小さなお店が勝ち抜くための経営術を、往年のヒットソングとともに物語仕立てで大公開!
一軒のお店を軌道に乗せ、繁盛させるのはただでさえ難しいもの。それがコロナ禍となり、さらに厳しい状況に陥ったお店も少なくないでしょう。
そんな中、約30年にわたり、飲食店や美容院といった小さなお店を次々に成功させてきた人物が、『お客を捨てる勇気』の著者・中谷嘉孝さん。中谷さんは「『お客』を『売上』としてとらえているから、どうでもいい客に振り回される。ましてや、本当に必要なお客が離れていくのだ」(同書より)と言い、「不必要なお客を捨てる勇気を持った時、あなたのお店は確実に、お客を追いかける立場からお客に追いかけられる立場に変わる」(同書より)と説きます。同書は、これまで中谷さん自身が実践し体得してきた安定経営を続けるための法則を記した一冊です。

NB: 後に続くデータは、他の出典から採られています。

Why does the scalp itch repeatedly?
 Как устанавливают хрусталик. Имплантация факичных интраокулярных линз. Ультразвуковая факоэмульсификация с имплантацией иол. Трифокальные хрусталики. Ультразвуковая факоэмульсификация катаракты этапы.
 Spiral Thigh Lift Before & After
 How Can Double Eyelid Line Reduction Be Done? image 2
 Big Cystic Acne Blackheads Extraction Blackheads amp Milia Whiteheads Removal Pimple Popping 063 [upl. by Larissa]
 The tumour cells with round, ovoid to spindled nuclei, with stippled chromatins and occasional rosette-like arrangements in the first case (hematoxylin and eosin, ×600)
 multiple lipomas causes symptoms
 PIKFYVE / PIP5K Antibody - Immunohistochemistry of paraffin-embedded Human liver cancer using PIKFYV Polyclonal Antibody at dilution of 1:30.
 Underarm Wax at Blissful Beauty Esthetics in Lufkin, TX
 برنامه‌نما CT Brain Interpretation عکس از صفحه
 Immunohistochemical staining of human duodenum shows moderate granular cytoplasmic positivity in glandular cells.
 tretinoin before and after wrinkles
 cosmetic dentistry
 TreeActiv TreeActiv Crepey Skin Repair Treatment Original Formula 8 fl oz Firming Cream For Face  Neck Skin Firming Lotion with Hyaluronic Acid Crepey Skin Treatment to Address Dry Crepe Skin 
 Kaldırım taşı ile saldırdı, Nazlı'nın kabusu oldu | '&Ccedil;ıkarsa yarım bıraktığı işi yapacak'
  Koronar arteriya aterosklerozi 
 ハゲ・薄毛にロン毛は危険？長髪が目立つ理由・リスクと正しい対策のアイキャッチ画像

……こう聞いて、小難しそうだと思った方もいるかもしれません。しかし同書はストーリー形式になっているので、登場人物たちの会話を楽しみながらスイスイと読み進められます。さらに、さまざまな経営術が往年のヒットソングになぞらえて紹介されるため、自然と「パーソナルブランディング」や「ブルーオーシャン」といった専門用語にも親しめます。
物語の主人公は、一人オーナーのヘアサロンを経営する倉本ソウタ。売上が思うように伸びないなか、行きつけの喫茶店で物書き風の年配男性「秋山」と知り合います。自身の悩みを打ち明けたソウタに秋山はアドバイスをくれたほか、店内で流れていた『まちぶせ』というヒット曲を例にとり、「恋愛心理も顧客心理もおそらく根本は似たようなもの」「お店側がお客を追いかけるのをやめた瞬間に、今度はお客から追いかけられる立場に変わる」と話します。
その後も喫茶店で会うたび秋山は、『木綿のハンカチーフ』や『赤いスイートピー』、『関白宣言』といった名曲の歌詞になぞらえ、「顧客ニーズを無視すればビジネスは自然とうまくいく」「自分自身のことを正しく知るためにも、自店の旗(ウリや強み、想いなど)をつくる」「スモールビジネスはブルーオーシャンに身を置くことが最も重要」といった経営の真理を伝えるのです。秋山とはいったい何者なのか、ソウタの美容院はどうなるのか……?
この物語の登場人物や細かな設定は創作です。けれど、「本書で紹介した事例や物語の展開は、すべて事実をもとにしている」(同書より)と言う中谷さん。「著者自らが血を流し実践してきた真のコンテンツのみを積み上げて構築した渾身の一冊」と自負する同書は、同じスモールビジネスの経営者にとって、たくさんの気づきに満ちていることでしょう。